Drawing by Fayfay Sheng

Advanced Composition Program

PRISM is deeply committed to working with music schools and conservatories, especially those with outstanding composition departments, to provide opportunities for talented young composers to study the breadth of the saxophone’s capabilities and create new works for the medium of saxophone quartet. Ideally, PRISM’s work with student composers occurs in four stages:

Phase One: Lecture (beginning of residency)

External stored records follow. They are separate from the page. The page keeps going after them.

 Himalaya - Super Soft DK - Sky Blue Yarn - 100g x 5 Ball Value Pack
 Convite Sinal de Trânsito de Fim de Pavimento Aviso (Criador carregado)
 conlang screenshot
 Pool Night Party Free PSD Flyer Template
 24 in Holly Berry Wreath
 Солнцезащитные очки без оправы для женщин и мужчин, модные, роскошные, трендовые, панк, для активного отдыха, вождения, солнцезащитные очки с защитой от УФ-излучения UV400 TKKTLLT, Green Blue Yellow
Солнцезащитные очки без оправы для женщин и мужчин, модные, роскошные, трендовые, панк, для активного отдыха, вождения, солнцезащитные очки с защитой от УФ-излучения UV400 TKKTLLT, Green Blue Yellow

One or more members of PRISM present a 2-hour lecture titled “Writing for the Saxophone Quartet” which starts with a brief overview of the acoustical properties of the saxophone. Scores and recordings of recent saxophone quartets from PRISM’s repertoire are presented and examined to ensure that students are aware of the full measure of the instrument’s sound world, and how composers from a wide range of styles/musical aesthetics have written for the medium. The lecture covers traditional approaches to composition, and extended techniques, including: microtones, subtones, multiphonics, alitissimo range, harmonics, articulation (double/slap/flutter tongue), use of growl, glissandi, key clicks, mouthpiece alone, and best practices in music notation. Students are asked to study scores and recordings from the lecture over several weeks and develop questions that relate to the pieces they intend to compose for PRISM.

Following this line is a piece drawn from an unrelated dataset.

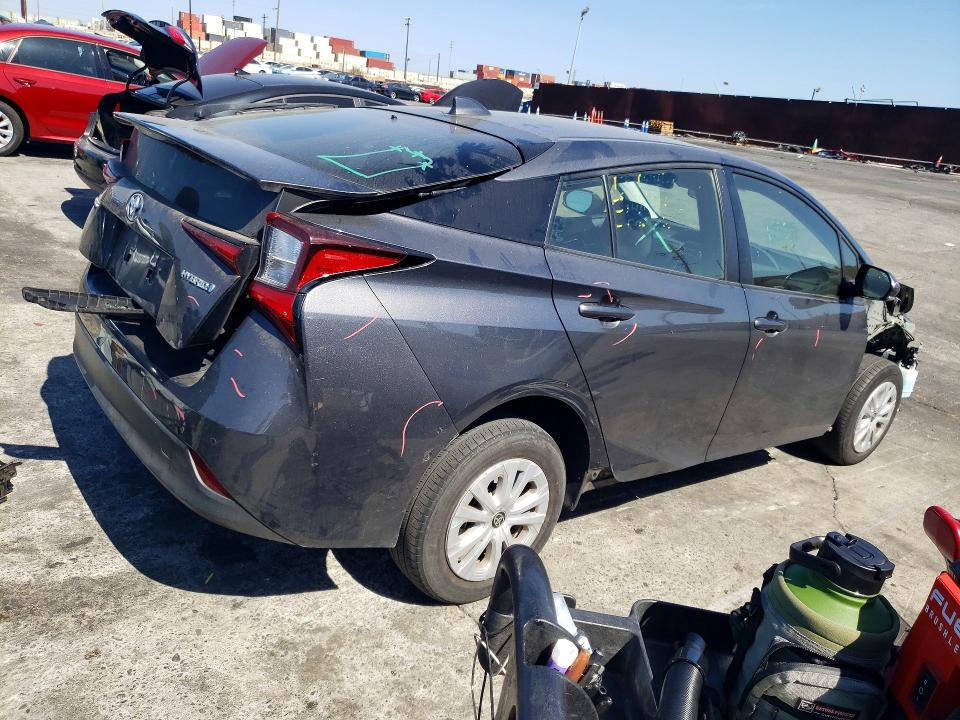 Продажа на аукционе авто 2021 Toyota Prius, vin: JTDKAMFU5M3132277, номер лота: 55837256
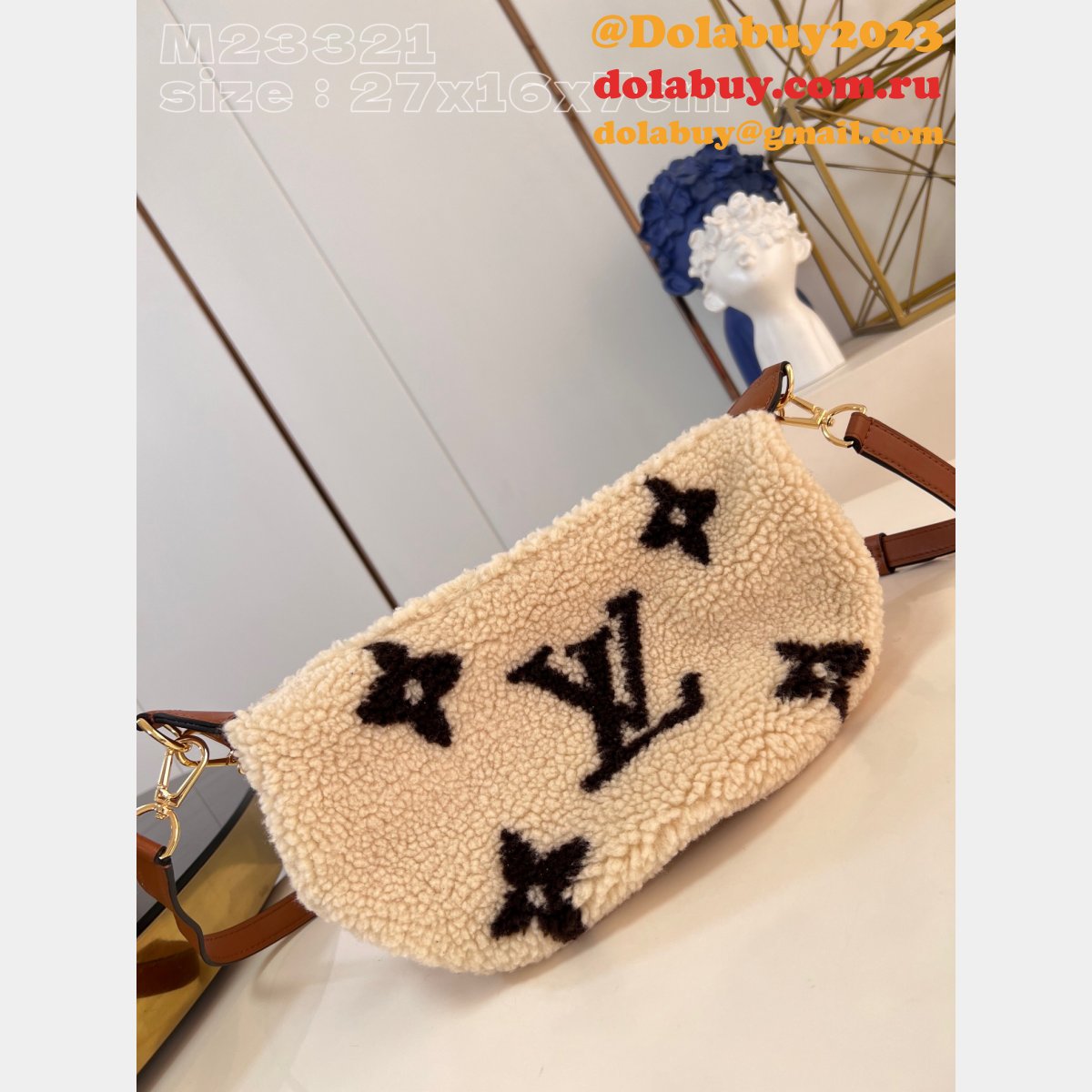 LV SKI 1:1 Mirror M23321 Louis Vuitton Over The Moon Bag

Phase Two: Interactive Demonstration (1 month after Phase One lecture)

The entire PRISM Quartet gives a live interactive demonstration of material covered above, showing how each of the four saxophones sounds in traditional compositional settings, and when employing extended techniques. PRISM answers questions that students developed from the lecture, and plays drafts of student ideas (e.g., a student might compose a few phrases in which he/she employs techniques introduced in the lecture).

Phase Three: Readings and Feedback (2 months before end of residency)

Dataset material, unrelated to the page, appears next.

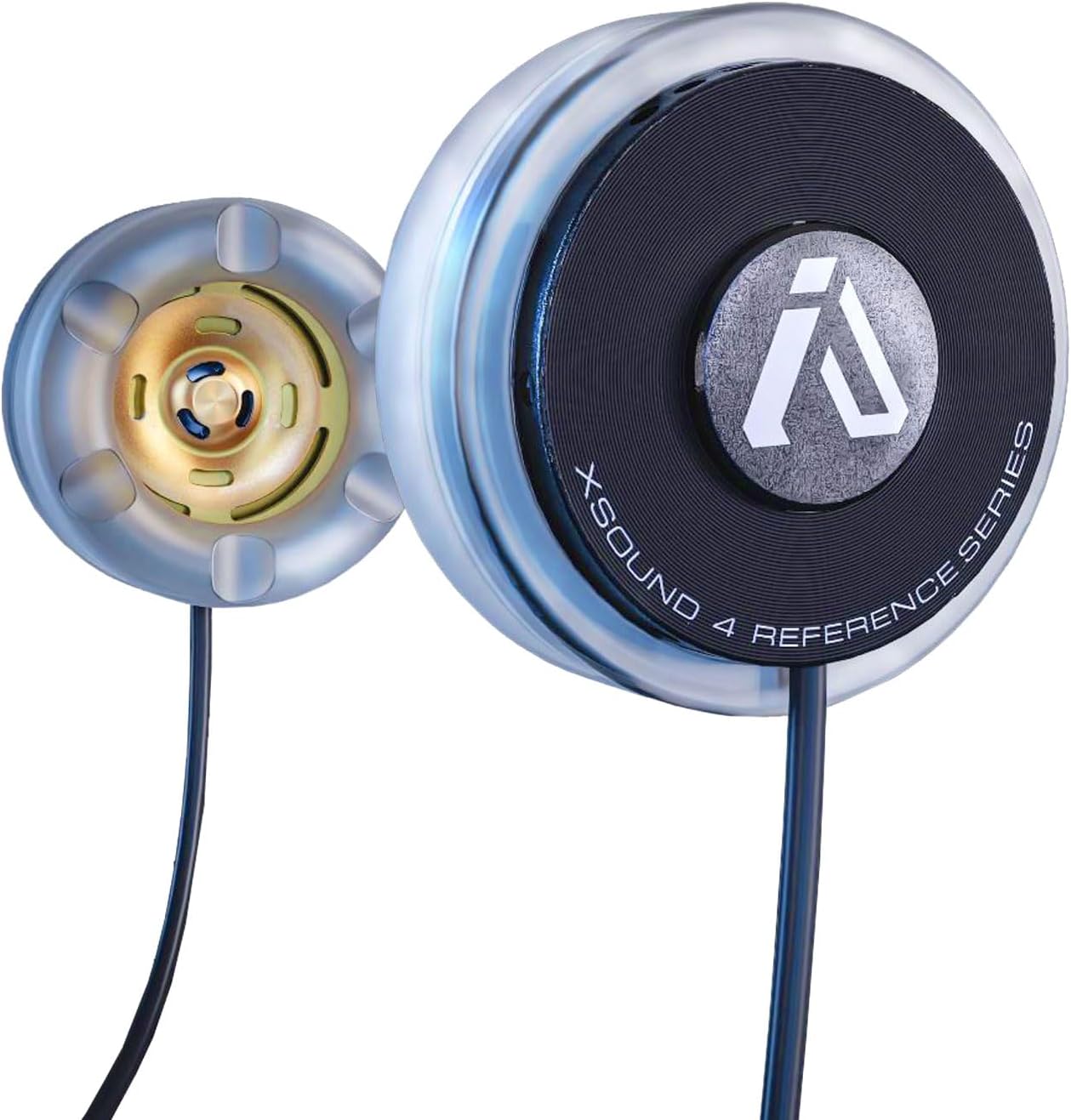 XSound 4 High Definition Motorcycle Snowboard Helmet Speakers Works with Most Communications with Earphone Ports - Includes Accessories for Installation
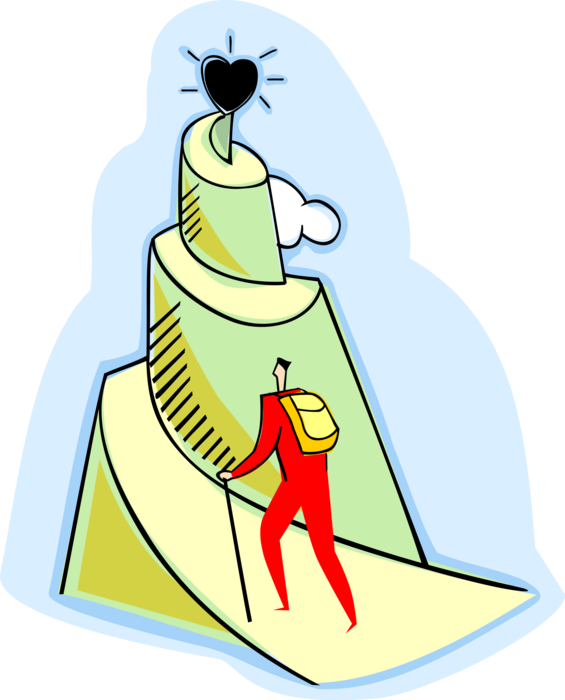 Jpg Transparent Download Mountain To Summit Heart - Education Clipart (565x700), Png Download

Student pieces are composed. PRISM rehearses pieces, and presents an open reading in which feedback is provided to student composers. Students then have an opportunity to edit their works before submitting final versions to PRISM.

Phase Four: Concert (end of residency)

PRISM presents student pieces in a public concert. The program may also include works by faculty composers, or works from PRISM’s core repertoire.